Today, the Institute for Policy Integrity at New York University School of Law, has come out with a paper that looks at the different economic models used for job analysis, and cautions against misuse. Here are some of their recommendations:
1. Job impact analysis is not an alternative to, or substitute for, cost-benefit analysis. Rather, employment effects should be incorporated into cost-benefit analysis on the basis of traditional economic principles.
2. The difference between short-term and long-term unemployment should be taken into account when determining the economic costs of layoffs.
3. The potential for regulations to positively and negatively affect workers should be recognized.
4. Economic models used to predict employment effects should be well suited to the type of regulatory effect being estimated (e.g., regional versus nationwide and multi-sector versus single industry).
5. Uncertainty surrounding model predictions should be acknowledged by analysts and policymakers, and all assumptions and modeling choices should be disclosed.
The report, entitled “The Regulatory Red Herring” highlights the limitations of jobs analysis.
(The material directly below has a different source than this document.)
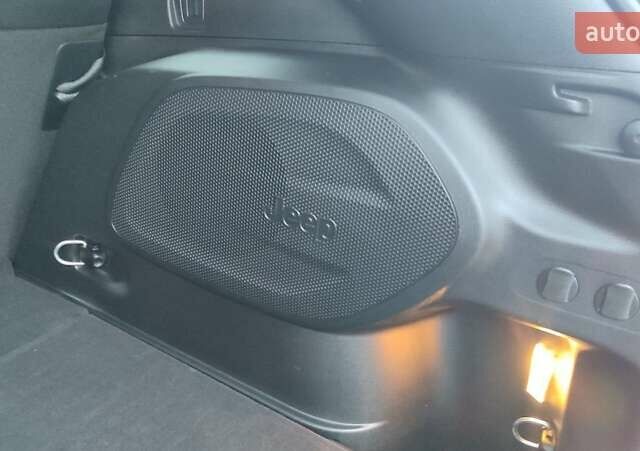 Білий Джип Cherokee, об'ємом двигуна 3.2 л та пробігом 67 тис. км за 18500 $, фото 43 на Automoto.ua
Because overall employment responds to large, macroeconomic factors, individual environmental regulations will rarely have lasting effects on aggregate employment. Environmental regulations that do not affect marginal labor productivity in the general economy are more likely to influence only the geographic or sectoral distribution of employment opportunities, rather than national employment levels. Current employment models are better suited to measuring these effects than forecasting economy-wide consequences.